### Data extract
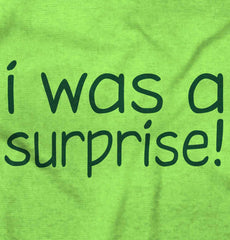 I Was A Surprise Romper Bodysuit-Direct To Garment Print-Brisco Baby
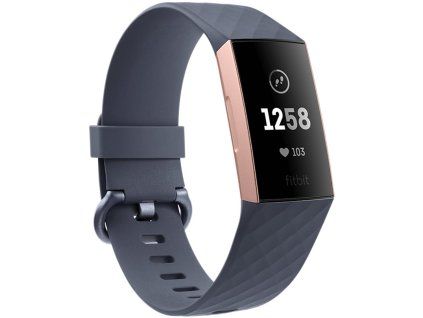 Fitbit Charge 3 Blue Grey / Rose-Gold Aluminium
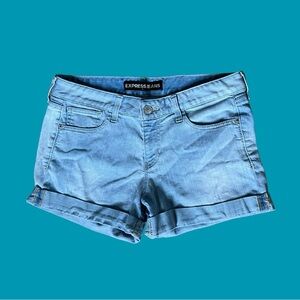 Express Jeans Light Wash Shorts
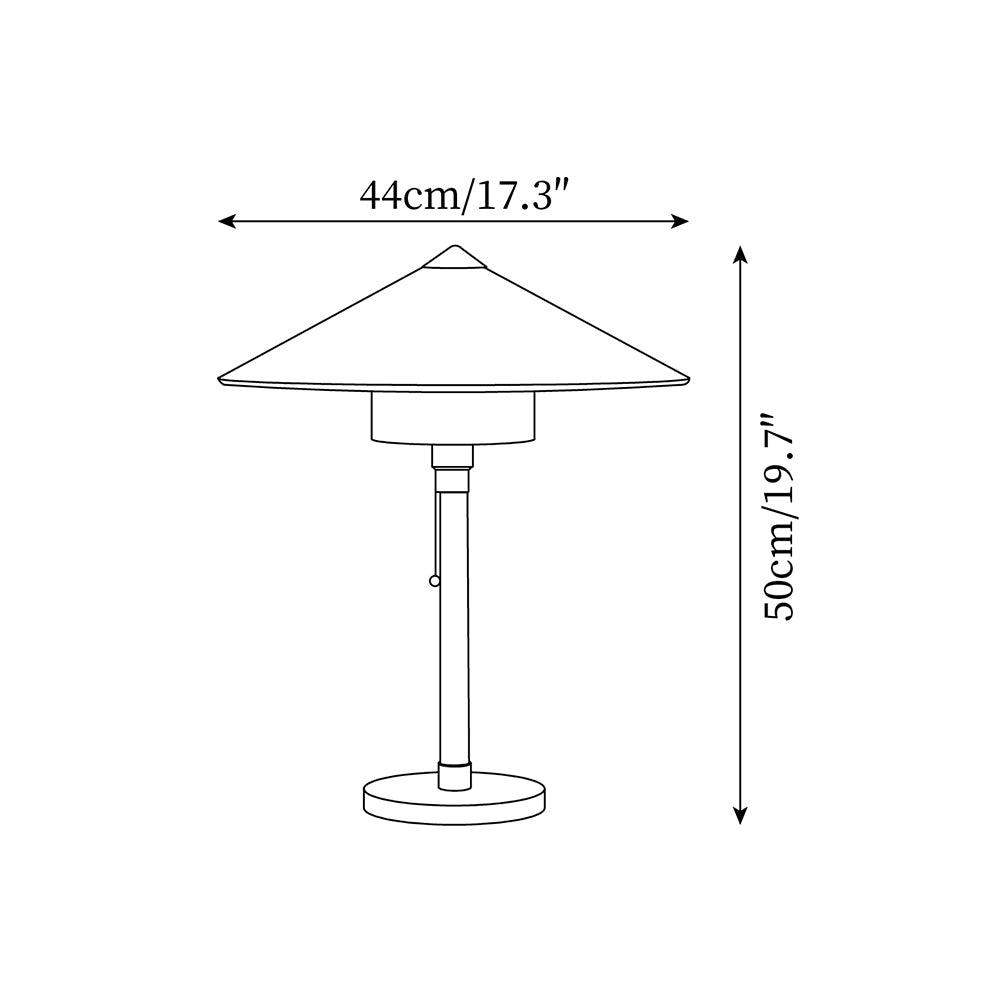 Wagenfeld Glass Table Lamp — product view 5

### Exercise description
Return the material above in exact form. Pictures stay out.

### Task answer
 I Was A Surprise Romper Bodysuit-Direct To Garment Print-Brisco Baby
 Fitbit Charge 3 Blue Grey / Rose-Gold Aluminium
 Express Jeans Light Wash Shorts
 Wagenfeld Glass Table Lamp — product view 5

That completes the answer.